BTW, this is on Windows XP.

Workaround:

I have debugged this using Delphi 2009 on Windows XP 64, and the root cause for the missing accelerators seems to be that Windows sends WM_DRAWITEM messages with the ODS_NOACCEL flag set, which it shouldn't if the system is set to show accelerators at all times. So you could say that it is not a VCL bug, but a Windows problem which the VCL does not work around.

However, you can work around it in your own code, you just need to reset the flag before passing the message to the VCL. Override the window proc

protected
  procedure WndProc(var Message: TMessage); override;

like so:

procedure TYourForm.WndProc(var Message: TMessage);
const
  ODS_NOACCEL = $100;
var
  pDIS: PDrawItemStruct;
  ShowAccel: BOOL;
begin
  if (Message.Msg = WM_DRAWITEM) then begin
    pDIS := PDrawItemStruct(Message.LParam);
    if (pDIS^.CtlType = ODT_MENU)
      and SystemParametersInfo(SPI_GETKEYBOARDCUES, 0, @ShowAccel, 0)
    then begin
      if ShowAccel then
        pDIS^.itemState := pDIS^.itemState and not ODS_NOACCEL;
    end;
  end;
  inherited;
end;

This is demonstration code only, you should not call SystemParametersInfo() every time a WM_DRAWITEM message is received, but once at program start, and then every time your program receives a WM_SETTINGCHANGE message.

mghie
I'm on Windows XP as well. After these answers and my thinking on this, and your help, I do agree it may be a bug in the VCL. I'll report it.
lkessler
Reported as a bug to Embarcadero: http://qc.codegear.com/wc/qcmain.aspx?d=68816
lkessler
BTW, I get the same behaviour with Delphi 2007.
mghie
Mghie: Thank you for your further research into this matter (a whole year later!!) and finding this. I've updated the bug report at Embarcadero with your information. Wish I could give you ++++++++++1
lkessler
Probably calling SystemParametersInfo() at program startup would be good enough 99% of the time.
lkessler
+4  A: 

It is a "feature" introduced with Windows 2000:

The Old New Thing: Why does Windows hide keyboard accelerators and focus rectangles by default?

It would appear that Delphi 4 didn't support this Windows feature.

To have 2000 and XP menus show accelerator keys, right-click an empty spot on the desktop, choose Properties, click the Appearance tab, and under Effects, uncheck Hide Underlined Letters for Keyboard Navigation until I Press the Alt Key. Click OK twice.

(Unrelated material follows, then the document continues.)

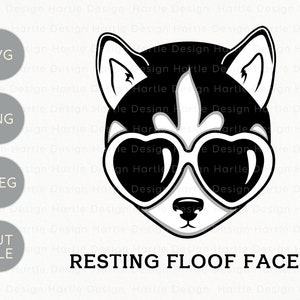 Husky Dog Wearing Heart Sunglasses Layered SVG | Resting Floof Face Cut File for Silhouette & Cricut | Dog Lover Shirt Vinyl PNG Graphic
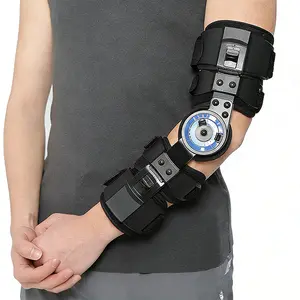 Hinged ROM Elbow Brace – Adjustable Post-Op Locking Support for Fracture & Tendon Repair – Telescoping Arm Splint with Locking Hinge Healthcare Hand Tool Bathroom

Not sure how to do it in Vista.

Jim McKeeth
I thought you had the answer. But unfortunately when I looked at that "Hide Underlined Letters" option (I'd never known about it before), I found it to be unchecked.
lkessler
What OS? Your screen shots look like XP. I just tried it on XP and it works (uncheck the option and the accelerator key underlines show up.) Maybe you need to reboot.
Jim McKeeth
A: 

As Jim McKeeth noted above (correctly), this is "by design" behavior. If the menus are triggered through keyboard action the accelerators should be shown, but if triggered by the mouse the accelerators are intentionally not shown.

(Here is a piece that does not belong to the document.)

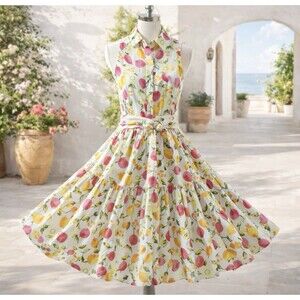 Cynthia Rowley Dress Fruit Print Linen Blend Midi Dress Full Skirt Below Knee 2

I have my XP configured to show accelerators at all times, but a quick test with that option changed confirms that the menus should not show underlines either (Visual Studio responded as I expected, no underlines when using the mouse). However, Microsoft Office ignores this setting and always shows the underlines. So it looks like a bug in how the menus are drawn in Delphi (I don't have any experience with Delphi myself).

I found the option for Vista as well: http://www.vistax64.com/vista-general/42125-always-show-menu-underline-keyboard-accelerators.html

You can turn this on in the new Ease of Access Center (go to Control Panel, click Ease of Access and then click Ease of Access Center). In the Ease of Access Center, click Make the keyboard easier to use, and at the very bottom select the Underline keyboard shortcuts and access keys check box.

While doing further research I found this related bug on Delphi forums: http://qc.codegear.com/wc/qcmain.aspx?d=37403

It looks like in your case the child windows (the drawn menus) aren't getting or aren't handling WM_UIUPDATESTATE message from their parent window, which is what causes the redraw with accelerators.

Step
"It looks like in your case the child windows (the drawn menus) aren't getting or aren't handling WM_UIUPDATESTATE message from their parent window, which is what causes the redraw with accelerators" - Exactly! That's the Bug!